Del escrito a la obra de arte



Las creaciones de pintura, escultura, arquitectura, orfebrería y otras similares, al ser terminadas dejan una obra de alguna manera fija; un objeto concluido con existencia propia. Bien o mal hecha, fea o bella, obra impactante o intrascendente.

Esto también es aplicable a la fotografía, a la cinematografía y creaciones fijadas en soportes relacionados con esas tecnologías; en los que la creación original queda registrada. Se les puede calificar de una obra de arte o tal vez como una obra maestra; como la que marca un hito en la historia del arte o, en la mayoría de los casos simplemente una creación artística.

Las obras de grandes maestros consagrados por el tiempo y la historia, son las que podremos ver y disfrutar en museos y galerías de todo el mundo, y aún en casa.  Se puede hasta vivir en una obra de arte arquitectónica; por ejemplo, en la Casa Vicens de Antoni Gaudí, pasear por la Ciudad Prohibida en Pekín. O, darte un pasón espiritual visitando la Catedral de la Ciudad de México.

La música, la danza, el teatro y otras manifestaciones escénicas tienen un requisito artístico adicional. No basta la creación, cuenta además la ejecución de los intérpretes. Y algunas veces, es el intérprete quien inmortaliza una obra (caso frecuente de la llamada música popular).

Una interpretación o puesta en escena, puede ser calificada como increíble, y en general no volverá a repetirse. En la actualidad, tenemos la fortuna de contar con tecnologías de grabación que permiten guardar el registro testimonial de esos momentos, pero... 

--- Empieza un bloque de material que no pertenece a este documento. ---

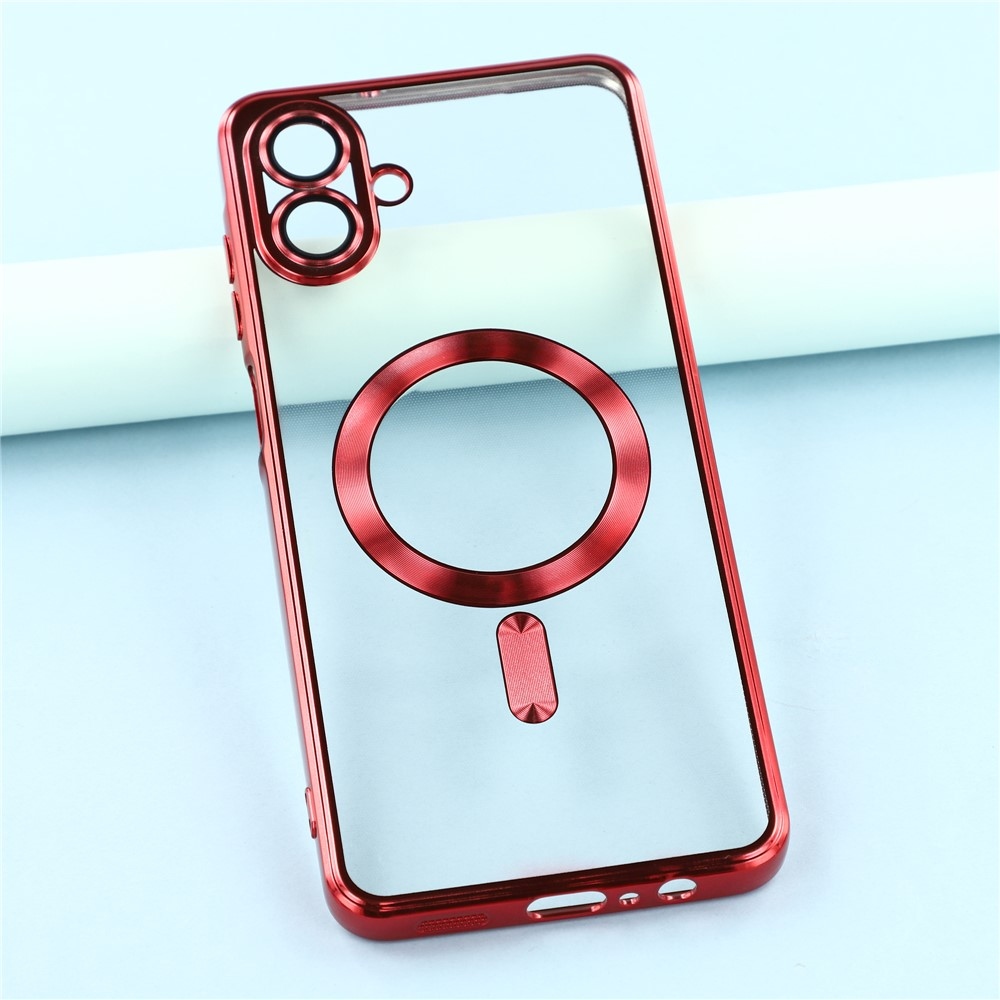 Átlátszó tok kameravédelemmel és MagSafe támogatással Samsung Galaxy A07 4G készülékhez - piros színű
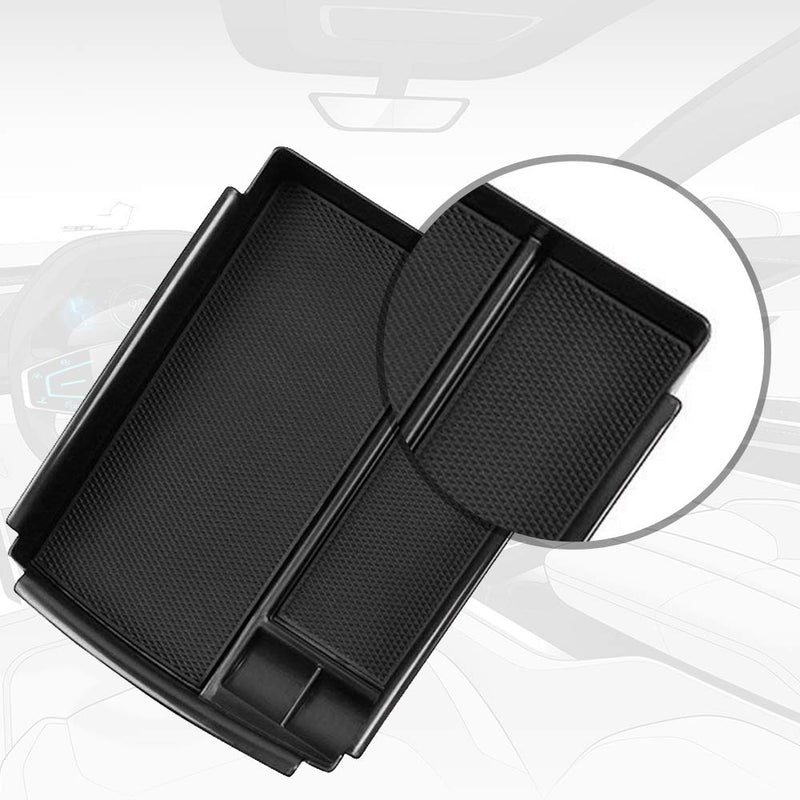  [AUSTRALIA] - CoolKo Center Console Armrest Storage Box Holder Container Glove Pallet Compatible with Model X + 1 Metal Key Fob Cover - Black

Como ejemplo está el concierto de Queen, del 13 de julio de 1985, en Wembley, en el que Freddie Mercury y compañía dieron El Concierto de sus vidas. (Dinero recaudado aparte). Lo he visto varias veces en TV, pero no participé en tiempo y espacio. La vivencia no se puede comparar. 

Se da el caso que algunos creadores de arte, y sus intérpretes, tengan una capacidad casi constante de genialidad.  Como cuenta la historia de la música que era el caso de Franz Liszt, o de Paganini.  Puedo creerlo, hasta imaginarlo, pero nunca lo sabré.

En las artes escénicas: ¿cuál es la obra de arte? En mi opinión, es ese momento único que une al creador con el ejecutante y el espectador. Difícil y efímero. 

La literatura, por su parte, también tiene sus propios cánones.  Y se tiene que mirar por géneros. Para irnos al origen: épico, lírico y dramático. Escribir de manera correcta, congruente, con las normas y reglas, hasta con estilo, ¿hace de un escrito una obra de arte?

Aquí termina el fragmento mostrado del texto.